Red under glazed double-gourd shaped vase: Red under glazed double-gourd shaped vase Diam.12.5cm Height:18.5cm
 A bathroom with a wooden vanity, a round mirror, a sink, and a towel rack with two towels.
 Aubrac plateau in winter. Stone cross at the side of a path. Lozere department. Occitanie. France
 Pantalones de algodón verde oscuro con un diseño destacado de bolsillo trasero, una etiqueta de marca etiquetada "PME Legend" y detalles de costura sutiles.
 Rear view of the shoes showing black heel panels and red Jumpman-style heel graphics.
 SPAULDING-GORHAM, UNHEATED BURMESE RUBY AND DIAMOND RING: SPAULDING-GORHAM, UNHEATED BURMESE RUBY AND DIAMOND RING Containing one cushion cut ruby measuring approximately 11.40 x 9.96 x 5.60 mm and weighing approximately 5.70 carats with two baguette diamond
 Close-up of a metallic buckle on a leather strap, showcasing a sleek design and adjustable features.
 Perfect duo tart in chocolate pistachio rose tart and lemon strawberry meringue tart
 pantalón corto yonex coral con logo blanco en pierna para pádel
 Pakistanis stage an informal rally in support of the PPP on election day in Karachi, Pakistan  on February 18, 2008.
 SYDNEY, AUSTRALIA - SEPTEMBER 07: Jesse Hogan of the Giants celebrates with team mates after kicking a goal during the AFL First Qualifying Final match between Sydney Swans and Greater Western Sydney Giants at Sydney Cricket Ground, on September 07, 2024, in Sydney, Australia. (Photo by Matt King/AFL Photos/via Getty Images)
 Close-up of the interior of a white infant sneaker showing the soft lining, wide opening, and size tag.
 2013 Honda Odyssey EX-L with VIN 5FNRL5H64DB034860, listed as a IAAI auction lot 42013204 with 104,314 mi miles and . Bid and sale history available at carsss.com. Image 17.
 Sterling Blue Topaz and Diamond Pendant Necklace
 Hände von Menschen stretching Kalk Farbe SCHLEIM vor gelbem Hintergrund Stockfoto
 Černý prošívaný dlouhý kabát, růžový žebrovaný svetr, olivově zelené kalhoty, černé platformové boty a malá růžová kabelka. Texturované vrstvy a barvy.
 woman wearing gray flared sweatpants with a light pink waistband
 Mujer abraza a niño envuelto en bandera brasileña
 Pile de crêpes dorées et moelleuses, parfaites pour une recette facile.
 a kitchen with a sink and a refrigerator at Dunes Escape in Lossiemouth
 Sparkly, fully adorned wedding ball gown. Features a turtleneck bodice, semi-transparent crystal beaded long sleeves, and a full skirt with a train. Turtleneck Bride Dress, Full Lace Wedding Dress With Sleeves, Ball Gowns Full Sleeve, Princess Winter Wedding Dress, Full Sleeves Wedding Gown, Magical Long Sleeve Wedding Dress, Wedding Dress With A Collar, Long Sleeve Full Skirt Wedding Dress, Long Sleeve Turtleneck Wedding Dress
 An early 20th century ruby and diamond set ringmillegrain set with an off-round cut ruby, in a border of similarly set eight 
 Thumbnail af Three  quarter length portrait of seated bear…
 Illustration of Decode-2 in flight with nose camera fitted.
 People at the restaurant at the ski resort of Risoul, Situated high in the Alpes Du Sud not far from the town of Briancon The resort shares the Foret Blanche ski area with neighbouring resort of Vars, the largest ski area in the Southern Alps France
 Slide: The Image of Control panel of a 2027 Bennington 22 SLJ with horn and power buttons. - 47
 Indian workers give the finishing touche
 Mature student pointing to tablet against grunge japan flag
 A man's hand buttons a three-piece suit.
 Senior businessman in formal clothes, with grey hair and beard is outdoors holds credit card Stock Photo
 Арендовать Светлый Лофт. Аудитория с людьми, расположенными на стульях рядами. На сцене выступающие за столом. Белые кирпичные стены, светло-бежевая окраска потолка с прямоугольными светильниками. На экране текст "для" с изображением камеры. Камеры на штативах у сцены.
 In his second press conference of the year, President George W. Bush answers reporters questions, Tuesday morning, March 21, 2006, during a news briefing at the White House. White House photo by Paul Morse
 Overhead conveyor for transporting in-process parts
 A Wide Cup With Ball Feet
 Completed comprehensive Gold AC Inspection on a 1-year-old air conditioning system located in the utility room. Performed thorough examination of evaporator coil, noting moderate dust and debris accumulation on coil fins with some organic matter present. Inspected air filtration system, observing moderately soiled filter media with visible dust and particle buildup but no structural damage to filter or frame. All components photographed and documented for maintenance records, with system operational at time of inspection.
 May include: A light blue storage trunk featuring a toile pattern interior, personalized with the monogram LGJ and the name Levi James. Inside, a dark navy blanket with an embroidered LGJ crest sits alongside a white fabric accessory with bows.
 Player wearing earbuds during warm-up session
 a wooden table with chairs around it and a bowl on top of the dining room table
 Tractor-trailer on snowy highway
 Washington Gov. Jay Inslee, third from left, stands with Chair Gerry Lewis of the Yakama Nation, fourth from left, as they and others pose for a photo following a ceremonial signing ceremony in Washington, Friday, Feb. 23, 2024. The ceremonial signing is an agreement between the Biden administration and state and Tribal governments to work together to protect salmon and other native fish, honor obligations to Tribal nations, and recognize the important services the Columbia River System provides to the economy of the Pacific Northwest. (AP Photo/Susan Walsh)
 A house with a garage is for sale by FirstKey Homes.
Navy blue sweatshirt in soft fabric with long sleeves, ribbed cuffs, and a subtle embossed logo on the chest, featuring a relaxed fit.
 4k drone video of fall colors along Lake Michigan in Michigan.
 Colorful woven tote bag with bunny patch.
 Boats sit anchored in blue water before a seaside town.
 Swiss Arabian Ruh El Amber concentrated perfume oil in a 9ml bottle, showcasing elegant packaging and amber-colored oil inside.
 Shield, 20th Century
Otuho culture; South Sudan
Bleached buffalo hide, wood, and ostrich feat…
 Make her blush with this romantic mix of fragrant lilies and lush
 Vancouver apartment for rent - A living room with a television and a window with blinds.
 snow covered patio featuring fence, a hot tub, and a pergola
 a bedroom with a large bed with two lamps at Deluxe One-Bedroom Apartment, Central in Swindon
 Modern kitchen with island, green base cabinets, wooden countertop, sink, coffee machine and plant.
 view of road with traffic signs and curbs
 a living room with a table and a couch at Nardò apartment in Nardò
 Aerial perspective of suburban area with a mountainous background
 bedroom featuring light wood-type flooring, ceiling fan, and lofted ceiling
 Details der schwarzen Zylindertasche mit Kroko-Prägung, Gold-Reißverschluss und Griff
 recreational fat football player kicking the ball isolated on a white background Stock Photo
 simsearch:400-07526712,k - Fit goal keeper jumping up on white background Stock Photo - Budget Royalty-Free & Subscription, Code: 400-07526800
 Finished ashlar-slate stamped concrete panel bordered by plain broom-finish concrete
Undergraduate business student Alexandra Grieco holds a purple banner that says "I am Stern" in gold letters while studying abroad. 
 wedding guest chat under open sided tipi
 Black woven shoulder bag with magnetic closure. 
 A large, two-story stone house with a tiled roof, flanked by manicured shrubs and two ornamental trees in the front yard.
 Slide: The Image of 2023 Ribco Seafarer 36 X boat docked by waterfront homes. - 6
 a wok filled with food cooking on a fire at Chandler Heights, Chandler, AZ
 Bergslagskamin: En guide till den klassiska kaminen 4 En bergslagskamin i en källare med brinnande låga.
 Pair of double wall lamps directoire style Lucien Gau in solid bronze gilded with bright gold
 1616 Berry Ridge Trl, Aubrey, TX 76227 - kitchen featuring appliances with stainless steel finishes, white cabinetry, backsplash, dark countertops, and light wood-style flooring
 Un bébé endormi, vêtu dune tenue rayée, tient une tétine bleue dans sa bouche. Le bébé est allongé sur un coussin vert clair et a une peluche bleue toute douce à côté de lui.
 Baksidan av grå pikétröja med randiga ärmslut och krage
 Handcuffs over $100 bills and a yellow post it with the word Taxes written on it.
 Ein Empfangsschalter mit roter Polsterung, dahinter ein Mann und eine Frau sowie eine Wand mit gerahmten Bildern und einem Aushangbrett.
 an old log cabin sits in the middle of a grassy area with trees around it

+++

What this task involves:
Quote the data above from the line containing "Undergraduate business student" to the line containing "Bergslagskamin: En guide", inclusive, and stop.

Exercise answer:
Undergraduate business student Alexandra Grieco holds a purple banner that says "I am Stern" in gold letters while studying abroad. 
 wedding guest chat under open sided tipi
 Black woven shoulder bag with magnetic closure. 
 A large, two-story stone house with a tiled roof, flanked by manicured shrubs and two ornamental trees in the front yard.
 Slide: The Image of 2023 Ribco Seafarer 36 X boat docked by waterfront homes. - 6
 a wok filled with food cooking on a fire at Chandler Heights, Chandler, AZ
 Bergslagskamin: En guide till den klassiska kaminen 4 En bergslagskamin i en källare med brinnande låga.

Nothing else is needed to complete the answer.